(Information provided):
---+---
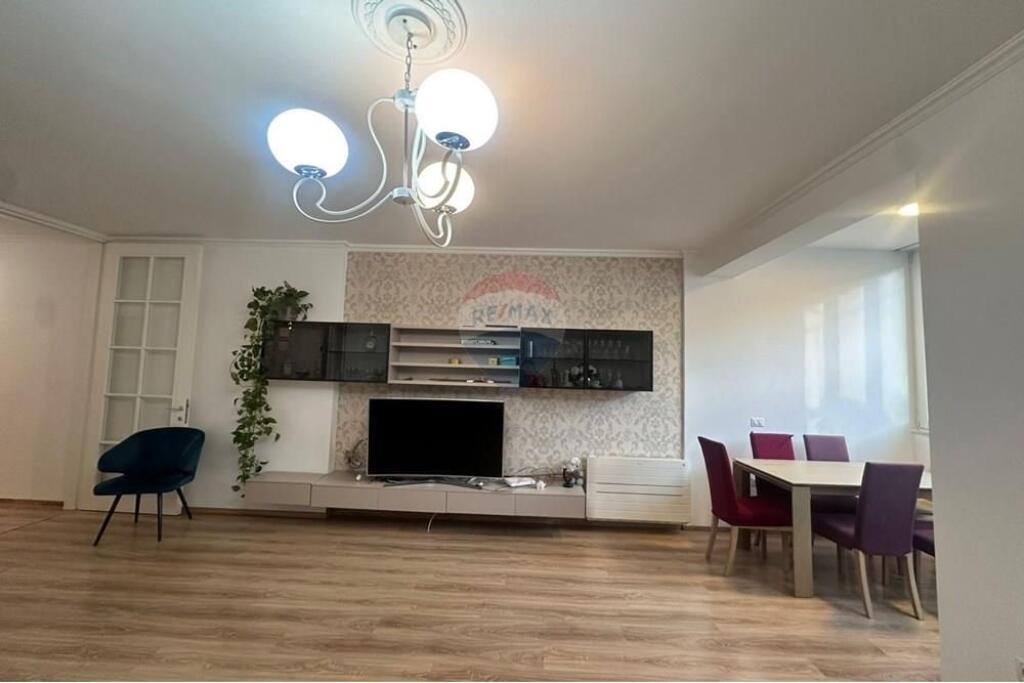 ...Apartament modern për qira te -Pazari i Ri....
---+---
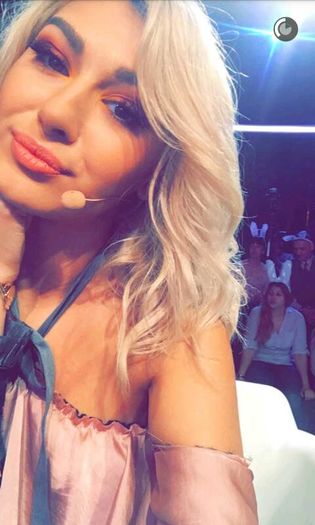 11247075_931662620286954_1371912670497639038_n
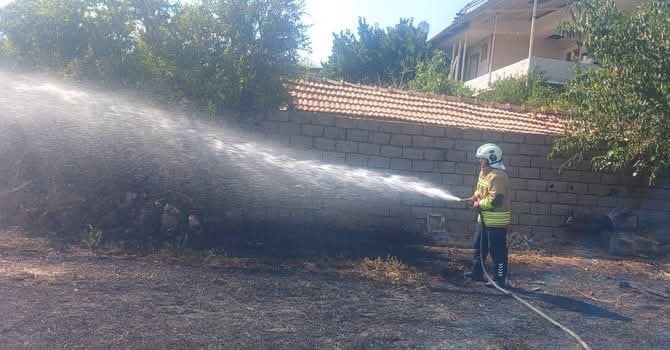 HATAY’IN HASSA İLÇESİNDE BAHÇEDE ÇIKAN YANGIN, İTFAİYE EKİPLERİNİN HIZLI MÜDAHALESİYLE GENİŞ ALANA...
---+---
(What is needed):
Using the listing above, restate exactly the range between the lines holding "11247075_931662620286954_1371912670497639038_n" and "HATAY’IN HASSA İLÇESİNDE", inclusive, with pictures left out.

(Solution to this task):
 11247075_931662620286954_1371912670497639038_n
 HATAY’IN HASSA İLÇESİNDE BAHÇEDE ÇIKAN YANGIN, İTFAİYE EKİPLERİNİN HIZLI MÜDAHALESİYLE GENİŞ ALANA...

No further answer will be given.